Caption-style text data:
»»
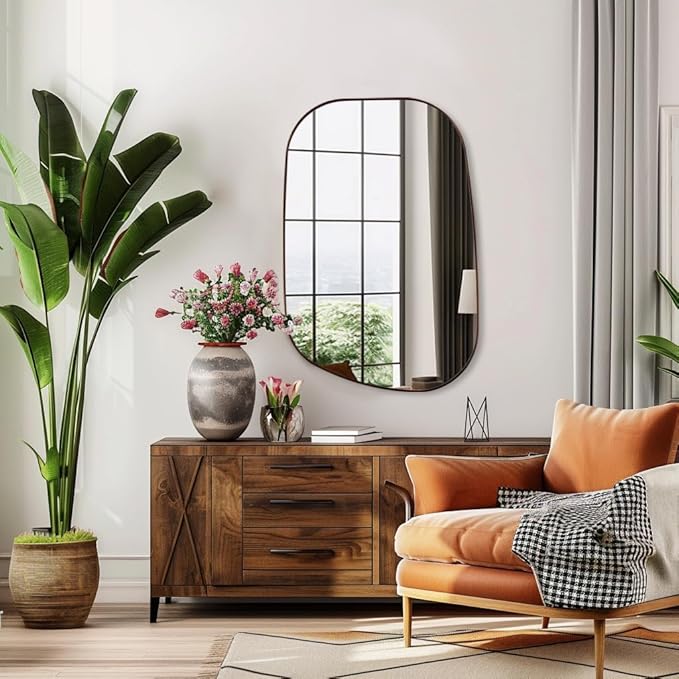 ANDY STAR Bronze Bathroom Mirror, 24"x36" Oil Bronze Asymmetrical Wall Mirror in Stainless Steel Metal Frame, Unique Vanity Mirror with Modern Curved Design, Ideal for Bathroom, Bedroom, Entryway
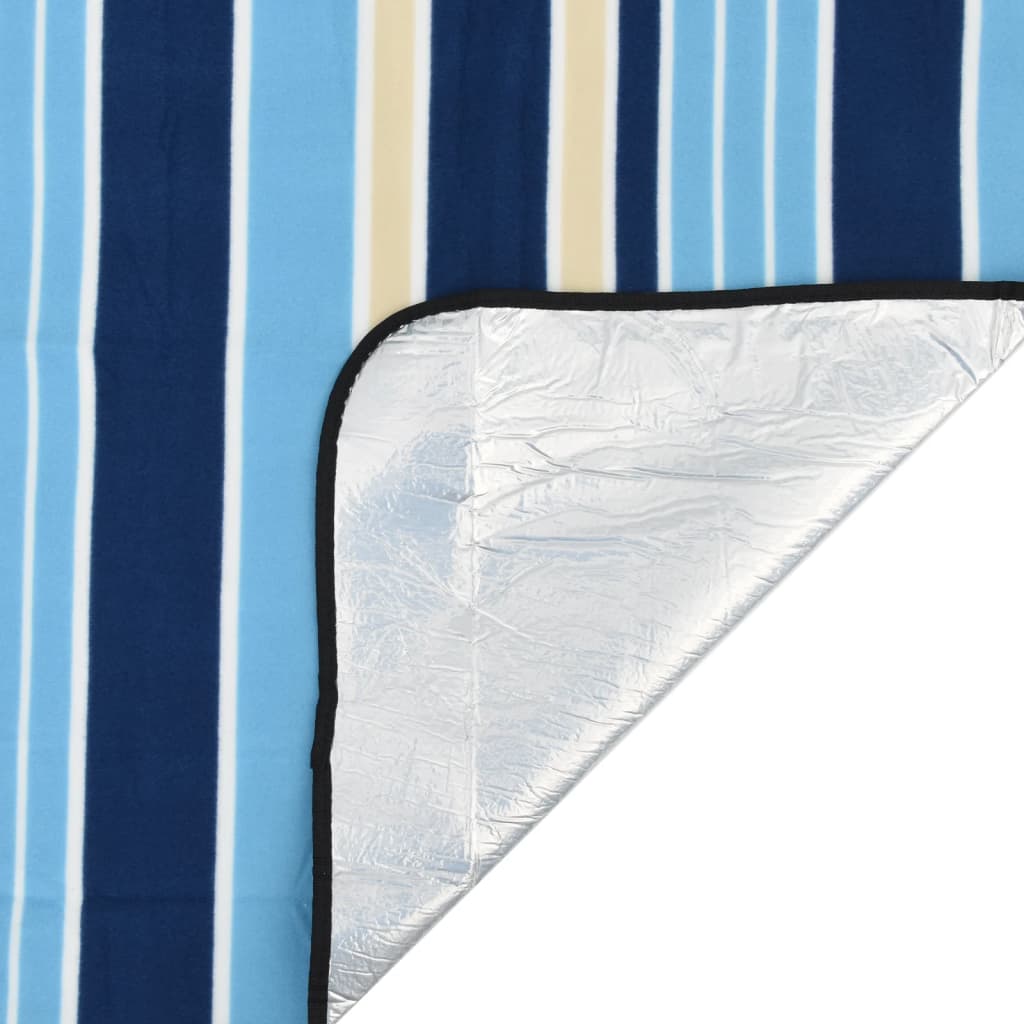 Picnic Blanket Foldable Blue and White Striped 200x150 cm Velvet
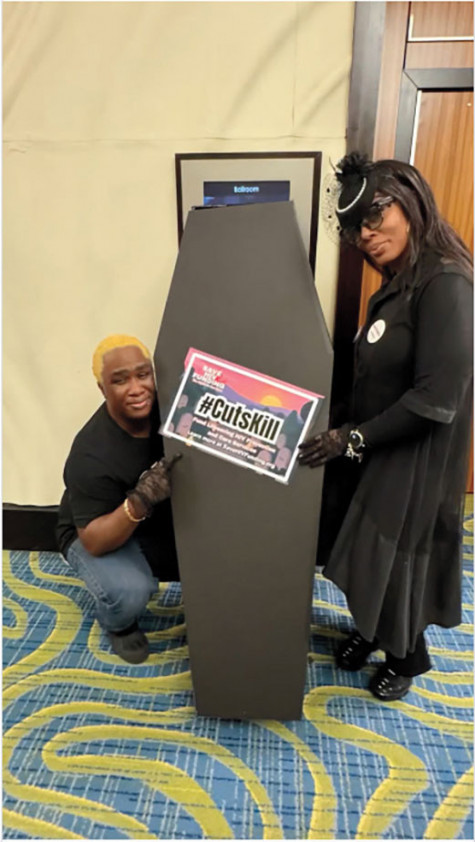 Save HIV Funding Campaign symbolic funeral protest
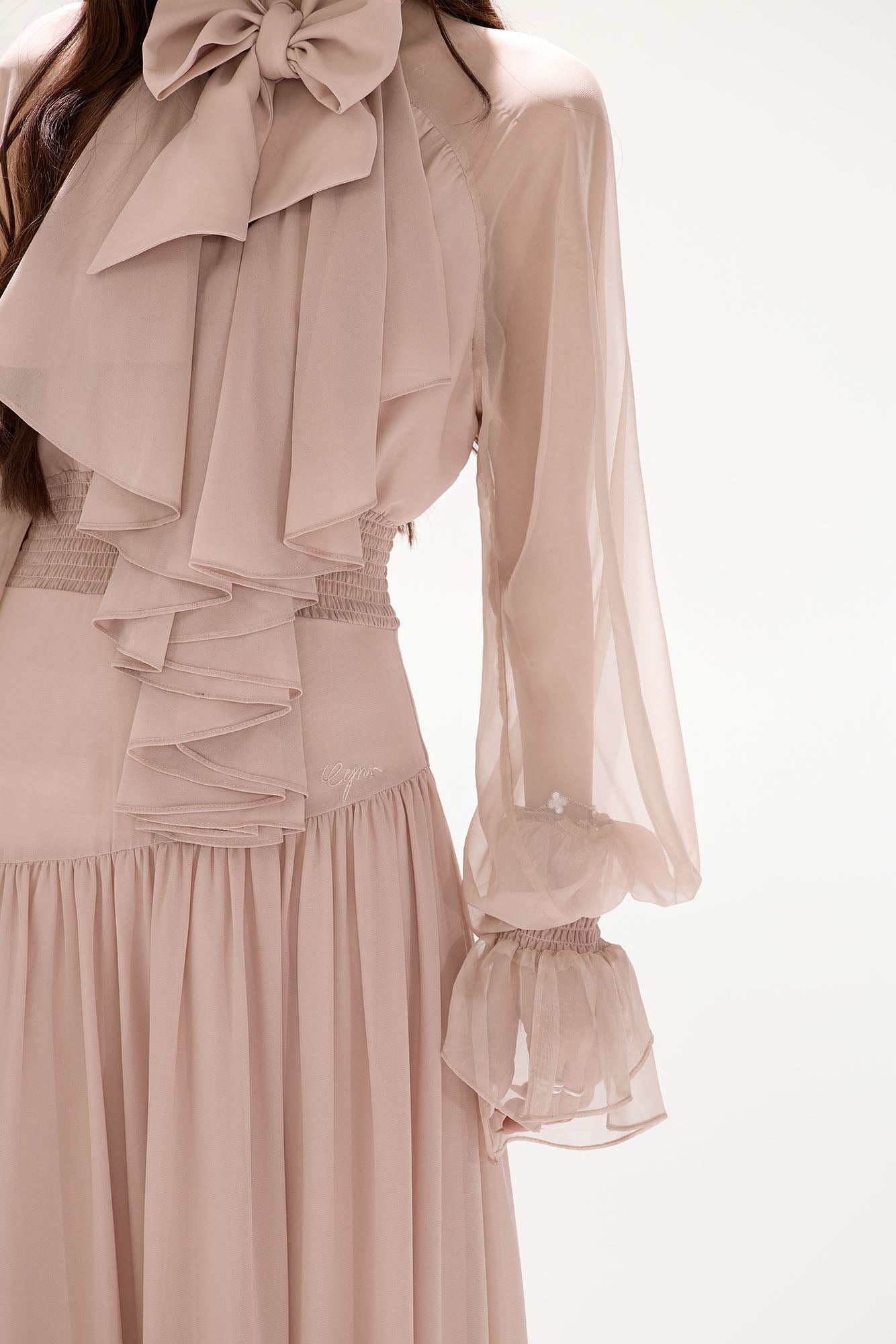 CYGNENOYR Ruffled Bow-Tie Chiffon Tiered Maxi Dress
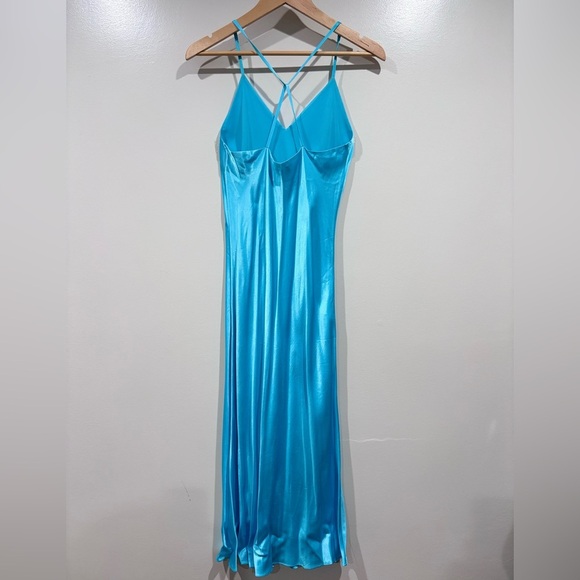 Rails Kaiden Silk Midi Slip Dress Womens Size Small Azure Blue Aqua Retails $238 - Picture 6 of 9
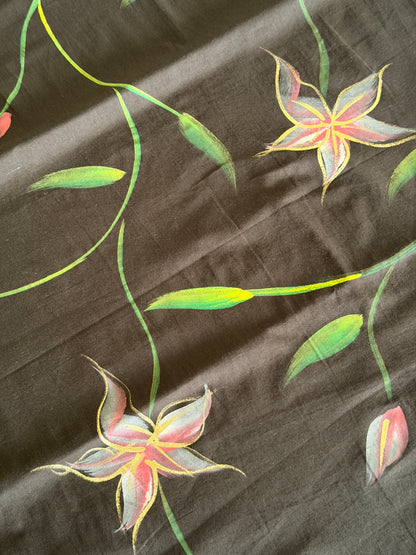 Hand Painted Cotton Suit Set with Chiffon Dupatta
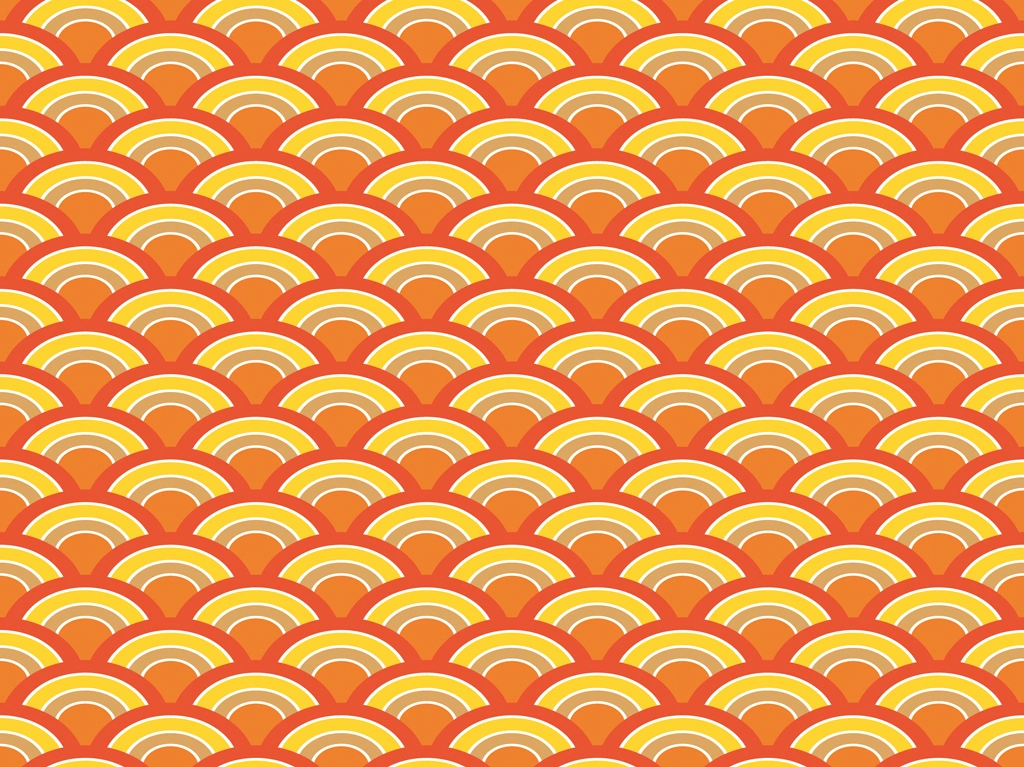 Set of 6 Wave Pattern Background Illustrations and Vectors | Red and Yellow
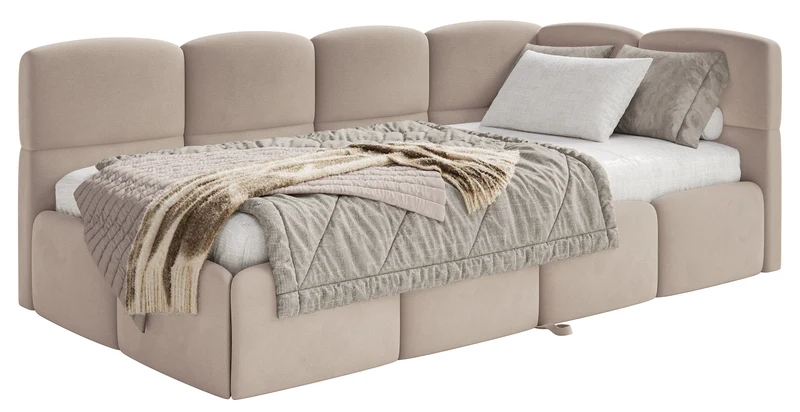 Jugendbett 90x200 cm Cloudy, rechtsseitig ausziehbar, mit Matratzen, beige Velours, wasserabweisend und pflegeleicht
««
• _TASK STATEMENT_:
Print the records above exactly as they stand, but leave out the pictures.

• _ANSWER_:
 ANDY STAR Bronze Bathroom Mirror, 24"x36" Oil Bronze Asymmetrical Wall Mirror in Stainless Steel Metal Frame, Unique Vanity Mirror with Modern Curved Design, Ideal for Bathroom, Bedroom, Entryway
 Picnic Blanket Foldable Blue and White Striped 200x150 cm Velvet
 Save HIV Funding Campaign symbolic funeral protest
 CYGNENOYR Ruffled Bow-Tie Chiffon Tiered Maxi Dress
 Rails Kaiden Silk Midi Slip Dress Womens Size Small Azure Blue Aqua Retails $238 - Picture 6 of 9
 Hand Painted Cotton Suit Set with Chiffon Dupatta
 Set of 6 Wave Pattern Background Illustrations and Vectors | Red and Yellow
 Jugendbett 90x200 cm Cloudy, rechtsseitig ausziehbar, mit Matratzen, beige Velours, wasserabweisend und pflegeleicht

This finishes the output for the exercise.